Unified Diffusion VLA: Vision-Language-Action Model via Joint Discrete Denoising Diffusion Process¶

Conference: ICLR 2026
OpenReview: https://openreview.net/forum?id=UvQOcw2oCD
Code: Yes (Project page, provided as a link in the paper)
Area: Robotics / Embodied AI / Vision-Language-Action Models / Discrete Diffusion
Keywords: VLA, Unified Discrete Diffusion, Joint Denoising, Future Frame Prediction, Mixed Attention

TL;DR¶

UD-VLA integrates "visual instruction understanding → future scene generation → action inference" into a single joint discrete denoising trajectory (JD3P). This allows action tokens to iteratively refine themselves by "attending to" increasingly clear future image tokens during each denoising step. It achieves SOTA performance on CALVIN, LIBERO, and SimplerEnv while reaching an inference speed 4x faster than autoregressive methods.

Background & Motivation¶

Background: Vision-Language-Action (VLA) models aim to interpret natural language instructions and current visual observations to output corresponding actions as an embodied agent. Recently, a class of "unified VLAs" has incorporated future image prediction into the "understanding-execution" loop: by first imagining future scenes and then generating actions based on them, the model transforms abstract "how to move" problems into more solvable inverse kinematics problems, providing the policy with planning and look-ahead capabilities.

Limitations of Prior Work: To achieve such unification, existing routes are suboptimal. The first route uses external experts (e.g., CLIP/ViT encoders + diffusion decoders) for modality alignment, where the VLA only outputs intermediate tokens as conditions for independent image and action generation models. This modular splicing results in alignment errors, system complexity, and a weak coupling between image generation and action prediction. The second route tokenizes all inputs and outputs into a shared space (visual tokenizer + action tokenizer), eliminating extra encoders/decoders, but image generation and action prediction remain separate processes. Some even predict images only as auxiliary tasks during training and omit future image generation during inference, losing the explicit guidance value of "future imagery."

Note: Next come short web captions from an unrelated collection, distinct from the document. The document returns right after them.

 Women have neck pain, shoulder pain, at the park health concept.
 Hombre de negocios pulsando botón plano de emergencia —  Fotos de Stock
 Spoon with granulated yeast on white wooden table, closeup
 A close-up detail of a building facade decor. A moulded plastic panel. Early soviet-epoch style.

Key Challenge: True unification of "understanding-generation-execution" requires intrinsic synergy—actions should be formulated as "implicit mappings toward desired future observations." However, whether using autoregressive generation or separate diffusion processes for images and actions, action tokens typically absorb context in a single pass. The guidance from image information is a one-off transaction that cannot be iteratively utilized.

Goal: Enable visual generation and action prediction to be jointly optimized within a synchronized denoising process, ensuring that at every denoising step, all action tokens can causally attend to all future image tokens, with this computation repeated across the denoising trajectory.

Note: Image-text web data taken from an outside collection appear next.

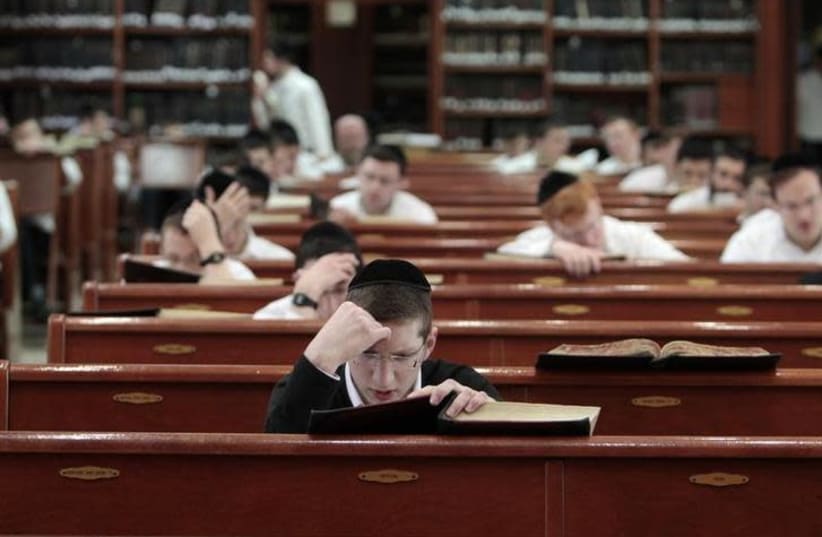 Ultra-Orthodox Jewish youths study religious texts at a synagogue in Jerusalem April 7, 2011.  (photo credit: BAZ RATNER/REUTERS)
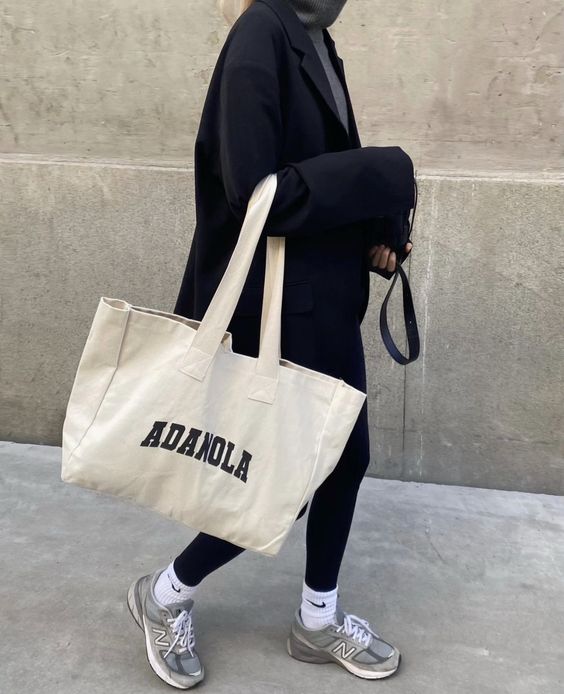 a comfy outfit with a grey turtleneck, black leggings, an oversized blazer, grey trainers and white socks, a neutral canvas bag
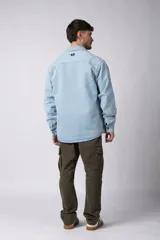 Chaqueta de denim celeste de corte relajado, con cuello clásico, cierre frontal con botones metálicos y un bolsillo aplicado en el pecho.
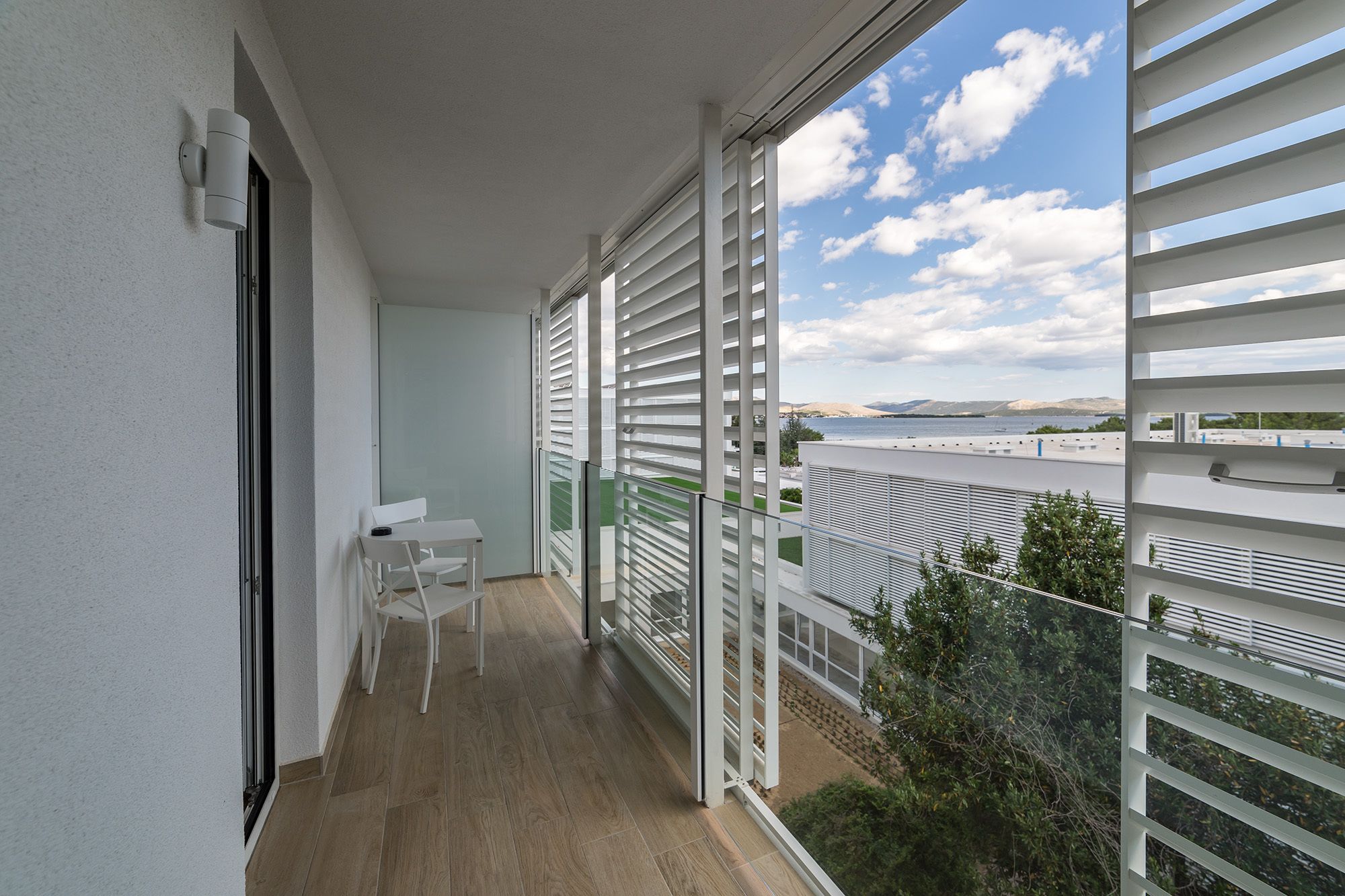 A balcony with a view of a body of water and distant hills, a white table and chair, and a door with a light fixture.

Key Insight: The authors leverage "iterative refinement from coarse-to-fine"—actions start from an initialization and denoise alongside future images, evolving under sufficient visual guidance to converge into precise actions based on a confidence-based criterion. This effectively translates latent visual representations into temporally structured actions.

Core Idea: Utilize a Joint Discrete Denoising Diffusion Process (JD3P) to unify multiple modalities into a single denoising trajectory, allowing "understanding, generation, and execution" to reinforce each other at every step rather than calculating them in separate stages or models.

Method¶

Overall Architecture¶

UD-VLA uses a pretrained VLM as its backbone, facilitating "vision-language understanding → future image generation → action prediction" within a single Transformer. It performs three functions: (1) Quantizing language, images, and actions into discrete tokens to form a unified sequence and multimodal space; (2) Employing mixed attention for sufficient intra-modality interaction and inter-modality causality, decomposing end-to-end action prediction into two coupled sub-processes: "look-ahead future frame prediction + inverse kinematics action generation"; (3) Implementing JD3P to allow future image tokens and action tokens to be refined in parallel within the same denoising step, converging via confidence-based decoding.

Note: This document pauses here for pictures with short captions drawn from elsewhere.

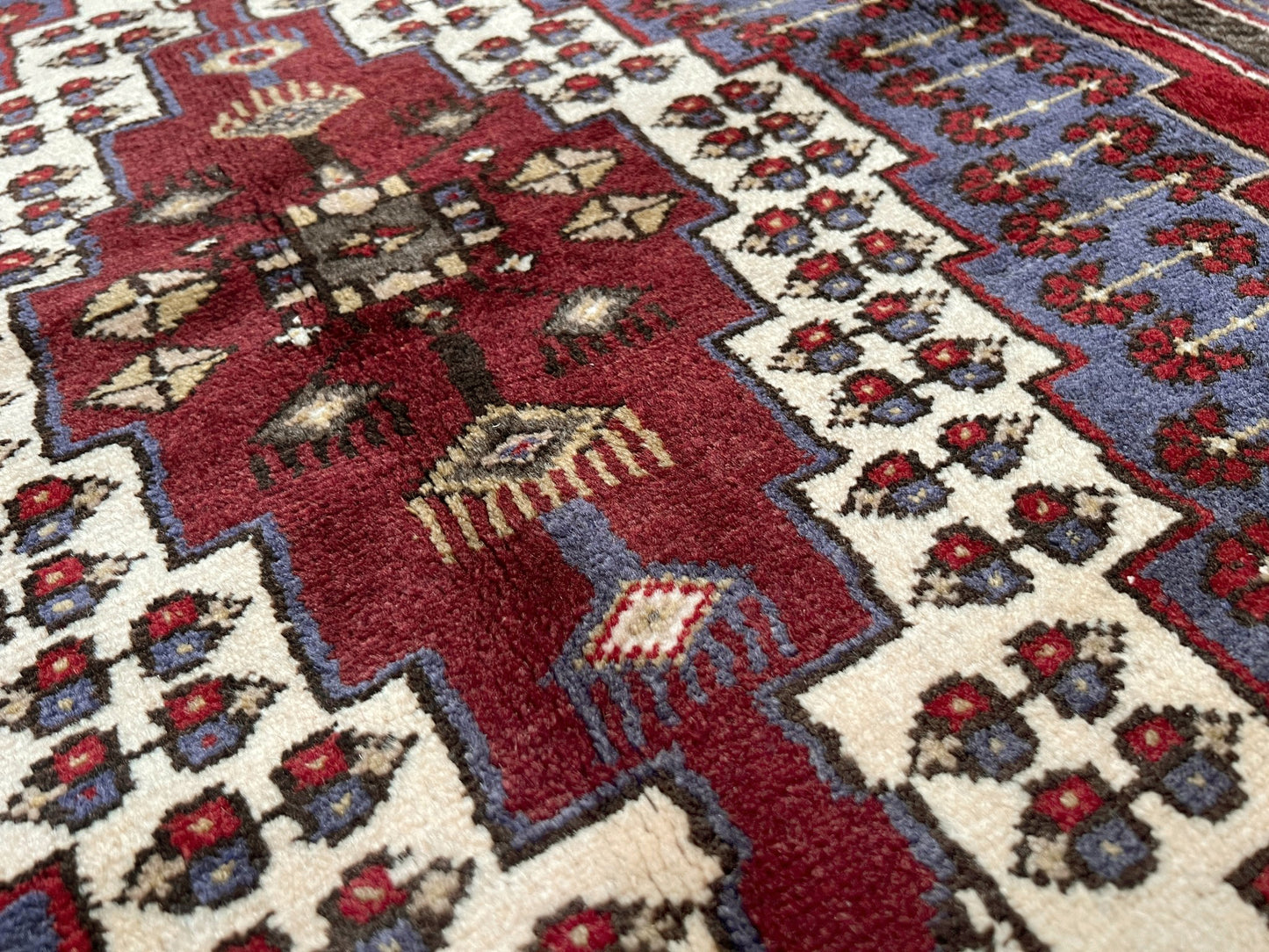 Vintage Taspinar Turkish rug (6x9) with ivory, brick red, and indigo medallion design—handmade wool, strong pile, excellent condition. Perfect for living rooms, bedrooms, or kitchens. Durable, tribal geometric style. Free shipping from Indigo Rugs, the best rug shop in Burlingame, Bay Area.
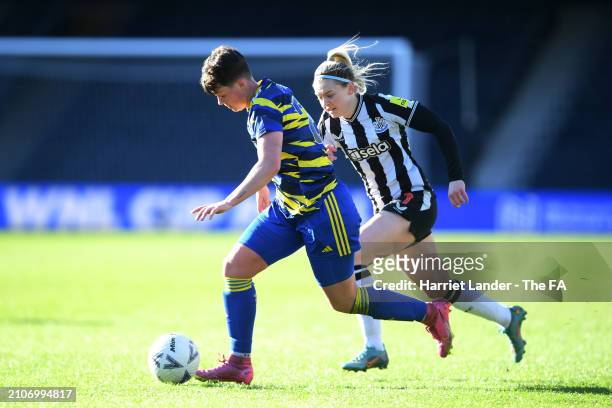 Valentine Pursey of Hashtag United runs with the ball whilst under pressure from Tyler Dodds of Newcastle United during the FA Women's National...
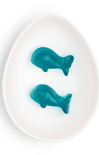 Two teal whale-shaped objects on a white plate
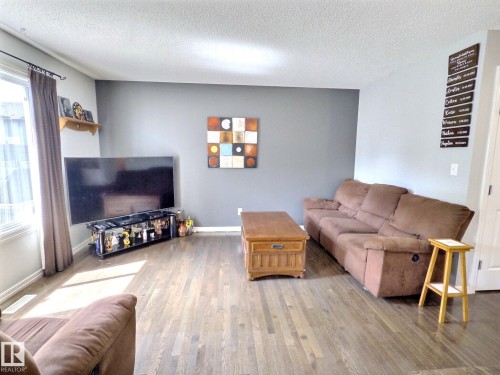Spacious room featuring wood-finish flooring, a large window, and light gray walls with a contrasting accent wall - 126 Calvert Wynd, Fort Saskatchewan, AB 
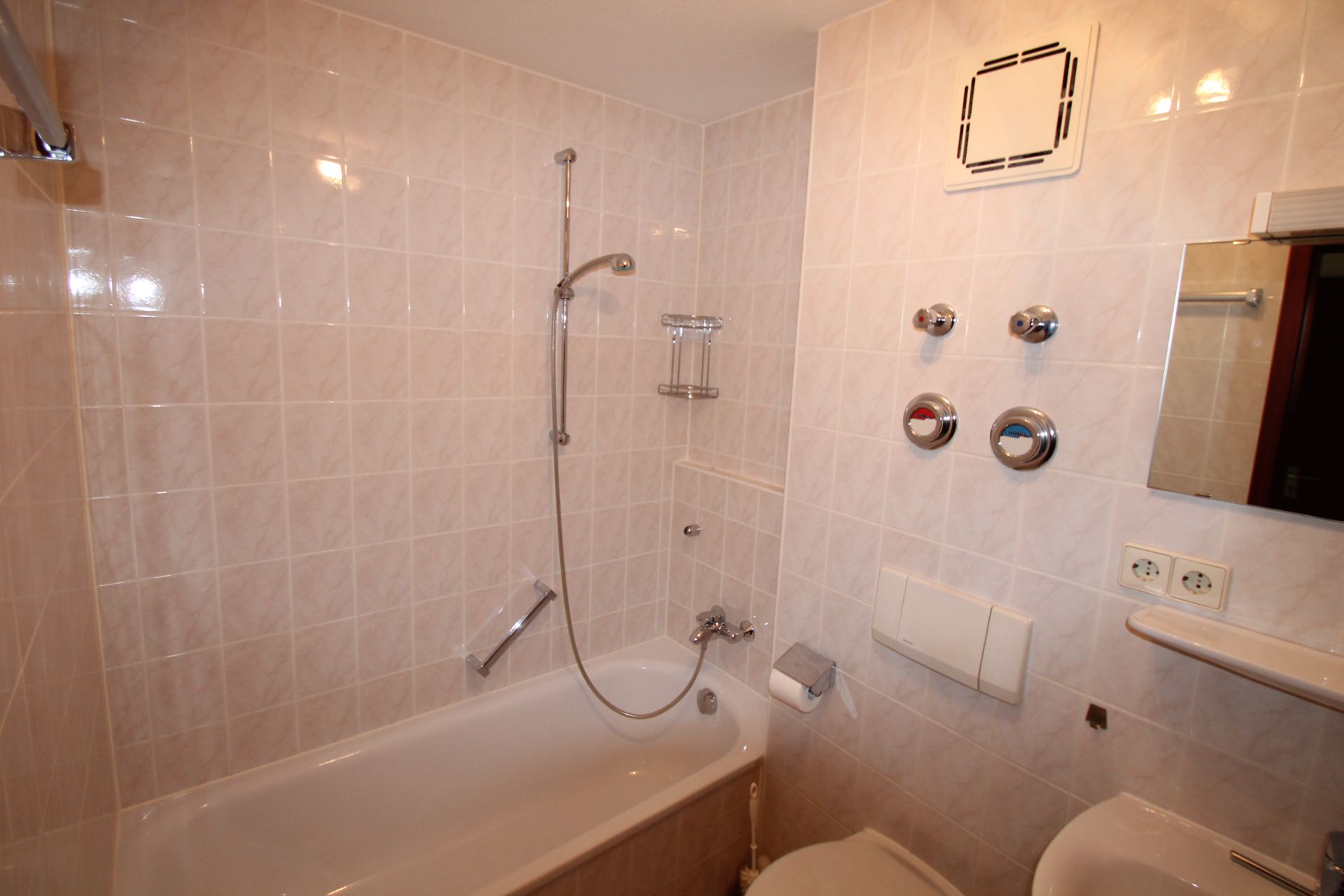 Badezimmer mit Badewanne, Duschkopf, WC und gefliesten Wänden.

The complete sequence is arranged as [text tokens ; current image tokens ; future image tokens ; action tokens], where the first two segments are inputs and the latter two are outputs to be generated via denoising. Images are quantized into fixed-length sequences using a VQ tokenizer, and actions are quantized into variable-length sequences using a FAST tokenizer, with boundaries marked by special tokens like <BOI>/<EOI> and <BOA>/<EOA>. Training consists of two stages (post-training on large-scale video for "future image generation" followed by joint fine-tuning on robotics action data using JD3P). Inference utilizes KV-caching, confidence decoding, and decoding space mapping to ensure speed and precision.

%%{init: {'flowchart': {'rankSpacing': 24, 'nodeSpacing': 28, 'padding': 6, 'wrappingWidth': 400}}}%%
flowchart TD
    A["Input: Text Instructions<br/>+ Current Images"] --> B["Unified Discrete Tokenization + Mixed Attention<br/>VQ Image Tokens / FAST Action Tokens<br/>Intra-modal Bidirectional · Inter-modal Causal"]
    B --> C["JD3P Joint Discrete Denoising<br/>Future Image tokens and Action tokens<br/>Synchronous multi-step denoising, mutual refinement"]
    C --> D["Two-stage Training<br/>(i) Video post-train for future frames<br/>(ii) Robotics data joint fine-tuning"]
    C --> E["Inference Acceleration & Precision<br/>KV-cache · Special token pre-filling<br/>Confidence decoding · Decoding space mapping"]
    C --> F["Output: Future Image + Action Sequence"]

Key Designs¶

1. Unified Discrete Token Space + Mixed Attention: Encapsulating Three Modalities Without Information Leakage

To address the "weak coupling from external expert splicing," UD-VLA avoids external encoders/decoders by quantizing everything: language follows the Emu3 design, visual observations are discretized into $V_v$ tokens using a VQ tokenizer, and actions are discretized into $V_a$ tokens using FAST. All tokens are concatenated into a multimodal sequence, naturally sharing a representation space. However, free attention between all tokens is problematic. The authors designed Mixed Attention: input-side text follows causal attention, while current images follow bidirectional attention. The output side is split into a "Generation Block (future images)" and an "Execution Block (actions)," with intra-block bidirectional attention (ensuring global consistency for images and breaking strict temporal dependence for action dimensions like position/rotation to avoid shortcut learning) and inter-block causal attention (the generation block only sees inputs, and the execution block sees both inputs and the generation block, preventing backward information flow).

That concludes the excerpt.